So as you can see in the problem section, I was trying to say in this attempt:

if the next item in the list is a new line, print the item, else, the next line is the current line (and then I can split the line to pull out the particular number I want).

If anyone could correct the code so I can see what I did wrong I'd appreciate it.

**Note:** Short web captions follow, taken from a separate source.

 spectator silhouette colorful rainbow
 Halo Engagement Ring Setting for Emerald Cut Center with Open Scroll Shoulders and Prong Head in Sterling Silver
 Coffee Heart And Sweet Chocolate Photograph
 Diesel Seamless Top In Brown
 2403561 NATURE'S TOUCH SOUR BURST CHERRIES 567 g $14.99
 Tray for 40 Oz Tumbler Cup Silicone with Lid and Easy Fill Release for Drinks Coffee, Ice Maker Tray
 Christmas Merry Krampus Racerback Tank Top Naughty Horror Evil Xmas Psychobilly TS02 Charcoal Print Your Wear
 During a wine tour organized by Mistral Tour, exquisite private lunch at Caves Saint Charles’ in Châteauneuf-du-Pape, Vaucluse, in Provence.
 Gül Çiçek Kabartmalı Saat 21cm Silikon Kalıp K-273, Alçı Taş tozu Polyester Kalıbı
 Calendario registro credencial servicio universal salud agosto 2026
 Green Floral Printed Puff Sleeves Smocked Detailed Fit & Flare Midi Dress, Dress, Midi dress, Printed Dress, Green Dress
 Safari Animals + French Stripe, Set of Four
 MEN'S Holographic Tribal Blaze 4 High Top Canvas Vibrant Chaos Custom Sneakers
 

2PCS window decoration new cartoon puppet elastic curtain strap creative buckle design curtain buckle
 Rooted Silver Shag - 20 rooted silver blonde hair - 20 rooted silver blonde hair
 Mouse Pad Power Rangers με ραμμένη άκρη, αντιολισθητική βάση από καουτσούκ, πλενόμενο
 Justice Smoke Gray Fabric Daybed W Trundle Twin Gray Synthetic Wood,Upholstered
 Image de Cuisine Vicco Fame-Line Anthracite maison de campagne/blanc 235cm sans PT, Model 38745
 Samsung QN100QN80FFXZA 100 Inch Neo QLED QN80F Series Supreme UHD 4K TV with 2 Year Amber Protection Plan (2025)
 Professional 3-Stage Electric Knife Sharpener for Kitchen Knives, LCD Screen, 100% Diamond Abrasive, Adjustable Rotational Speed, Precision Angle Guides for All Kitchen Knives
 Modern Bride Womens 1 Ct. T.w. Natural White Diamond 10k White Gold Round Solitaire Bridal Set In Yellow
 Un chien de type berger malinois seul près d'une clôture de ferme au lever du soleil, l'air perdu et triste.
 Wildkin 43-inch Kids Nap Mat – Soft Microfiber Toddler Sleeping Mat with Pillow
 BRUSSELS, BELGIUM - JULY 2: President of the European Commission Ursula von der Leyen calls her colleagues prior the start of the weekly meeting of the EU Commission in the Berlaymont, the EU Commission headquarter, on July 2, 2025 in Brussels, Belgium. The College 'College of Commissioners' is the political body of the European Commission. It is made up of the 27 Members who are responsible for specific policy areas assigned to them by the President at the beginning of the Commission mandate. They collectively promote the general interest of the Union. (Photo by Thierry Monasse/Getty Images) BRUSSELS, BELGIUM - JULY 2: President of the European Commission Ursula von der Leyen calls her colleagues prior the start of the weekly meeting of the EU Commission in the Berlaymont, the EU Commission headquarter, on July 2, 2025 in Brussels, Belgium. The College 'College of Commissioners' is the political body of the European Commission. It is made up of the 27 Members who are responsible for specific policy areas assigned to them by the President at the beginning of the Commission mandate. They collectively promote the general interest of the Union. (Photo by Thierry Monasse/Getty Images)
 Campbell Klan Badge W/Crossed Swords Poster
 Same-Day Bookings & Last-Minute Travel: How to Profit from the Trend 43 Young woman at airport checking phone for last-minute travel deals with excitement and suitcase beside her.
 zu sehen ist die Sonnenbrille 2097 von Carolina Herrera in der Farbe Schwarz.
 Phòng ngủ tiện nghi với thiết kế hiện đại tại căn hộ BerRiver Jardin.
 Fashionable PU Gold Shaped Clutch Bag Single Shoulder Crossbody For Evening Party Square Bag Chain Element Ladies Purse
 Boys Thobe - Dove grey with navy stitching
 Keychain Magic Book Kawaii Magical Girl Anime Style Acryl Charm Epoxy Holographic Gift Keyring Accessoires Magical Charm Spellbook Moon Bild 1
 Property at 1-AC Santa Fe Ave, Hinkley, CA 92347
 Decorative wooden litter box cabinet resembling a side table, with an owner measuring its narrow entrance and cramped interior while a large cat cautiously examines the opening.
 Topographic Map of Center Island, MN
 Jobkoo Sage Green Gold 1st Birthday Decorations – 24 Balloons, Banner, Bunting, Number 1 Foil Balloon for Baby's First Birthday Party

Bit of overkill, but instead of manually writing parser for each data item use existing package like pandas to read in the csv file. Just need to write a bit of code to specify the relevant lines in the file. Un-optimized code (reading file twice):

import pandas as pd
def genetable(gene):
    l = open('gene.txt').readlines()
    l += "\n"  # add newline to end of file in case last line is not newline
    lines = len(l)
    skiprows = -1
    for (i, line) in enumerate(l):
        if "Table$Gene=Gene"+str(gene) in line:
            skiprows = i+1
        if skiprows>=0 and line=="\n":
            skipfooter = lines - i - 1
            df = pd.read_csv('gene.txt', sep='\t', engine='python', skiprows=skiprows, skipfooter=skipfooter)
            #  assuming tab separated data given your inputs. change as needed
            # assert df.columns.....
            return df
    return "Not Found"

this will read in a DataFrame with all the relevant data in that file

can then do:

genetable(2).survival  # series with all survival rates
genetable(2).survival.iloc[-1]   last item in survival

The advantages of this is that you have access to all the items, any mal-formatting of the file will probably be better picked up and prevent incorrect values from being used. If my own code i would add assertions on column names before returning the pandas DataFrame. Want to pick up any errors in parsing early so that it does not propagate.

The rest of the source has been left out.